Complete Commentary on the Whole Bible, by Matthew Henry, at sacred-texts.com
(v. 1-49) Encampments of the Israelites.
(Num 33:50-56) The Canaanites to be destroyed.
This is a brief review of the travels of the children of Israel through the wilderness. It is a memorable history. In their travels towards Canaan they were continually on the remove. Such is our state in this world; we have here no continuing city, and all our removes in this world are but from one part a desert to another. They were led to and fro, forward and backward, yet were all the while under the direction of the pillar of cloud and fire. God led them about, yet led them the right way. The way God takes in bringing his people to himself is always the best way, though it does not always seem to us the nearest way. Former events are mentioned. Thus we ought to keep in mind the providences of God concerning us and families, us and our land, and the many instances of that Divine care which has led us, and fed us, and kept us all our days hitherto. Few periods of our lives can be thought upon, without reminding us of the Lord's goodness, and our own ingratitude and disobedience: his kindness leaves us without excuse for our sins. We could not wish to travel over again the stages we have passed, unless we could hope, by the grace of God, to shun the sins we then committed, and to embrace such opportunities of doing good as we have let slip. Soon will our wanderings end, and our eternal state be fixed beyond recall; how important then is the present moment! Happy are those whom the Lord now guides with his counsel, and will at length receive to his glory. To this happiness the gospel calls us. Behold now is the accepted time, now is the day of salvation. Let sinners seize the opportunity, and flee for refuge to the hope set before them. Let us redeem our time, to glorify God and serve our generation; and he will carry us safely through all, to his eternal kingdom.
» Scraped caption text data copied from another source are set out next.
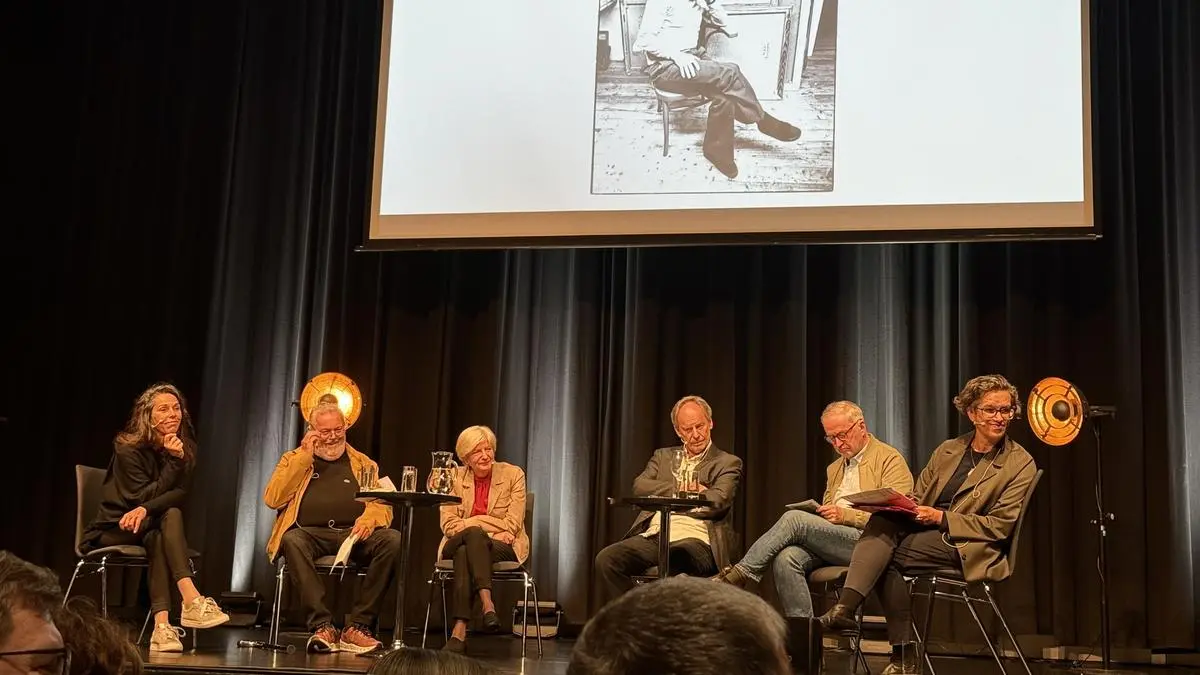 Am vergangenen Donnerstag fand im Kunsthaus Weiz das Podiumsgespräch zum Künstler Hannes Schwarz statt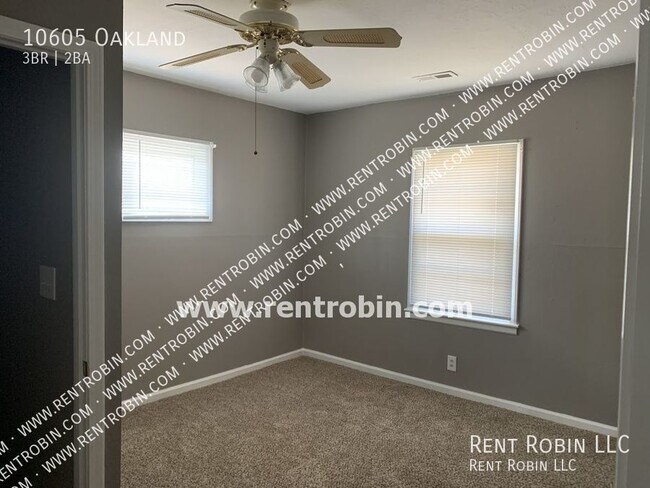 Building Photo - 10605 Oakland-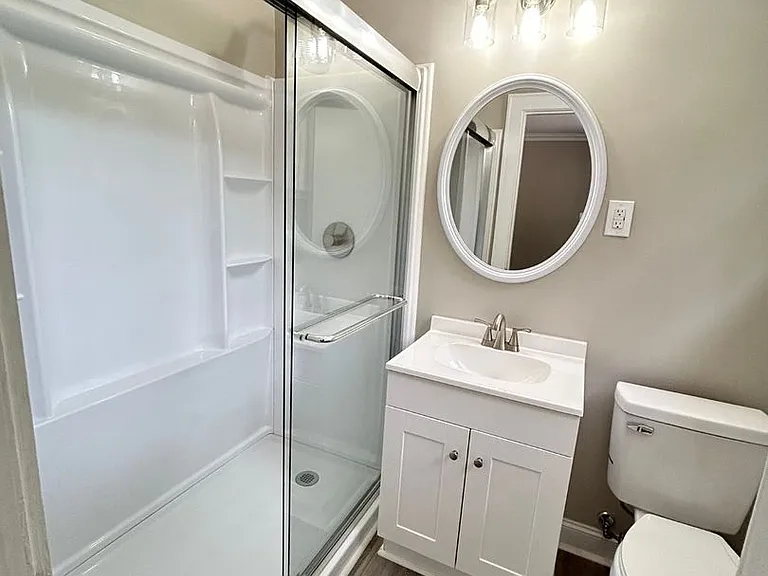 411 E Charlotte Ave — Photo 8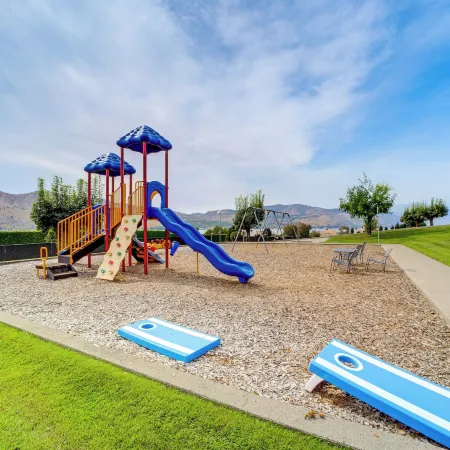 Waterfront Resort Condo w/ Scenic Views in Chelan!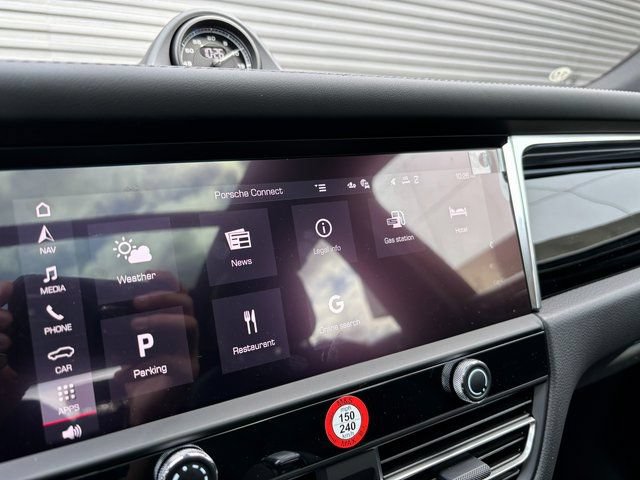 Certified 2026 Porsche Macan S AWD/4WD image 19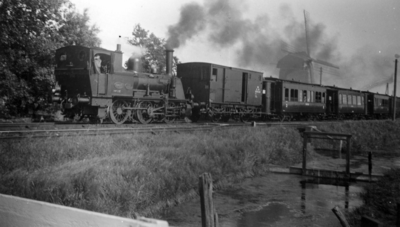 161349 Afbeelding van de stoomlocomotief nr. 7744 (serie 7700, Bello ) van de N.S. met een tram Alkmaar-Warmenhuizen ...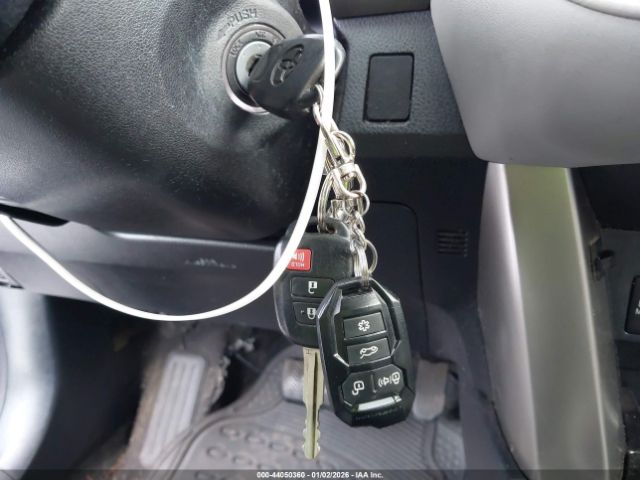 Toyota RAV4 Xle Image 9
Now that they were to pass over Jordan, they were entering again into temptation to follow idols; and they are threatened that, if they spared either the idols or the idolaters, their sin would certainly be their punishment. They would foster vipers in their own bosoms. The remnant of the Canaanites, if they made any peace with them, though but for a time, would be pricks in their eyes, and thorns in their sides. We must expect trouble and affliction from whatever sin we indulge; that which we are willing should tempt us, will vex us. It was intended that the Canaanites should be put out of the land; but if the Israelites learned their wicked ways, they also would be put out. Let us hear this and fear. If we do not drive out sin, sin will drive us out. If we are not the death of our lusts, our lusts will be the death of our souls.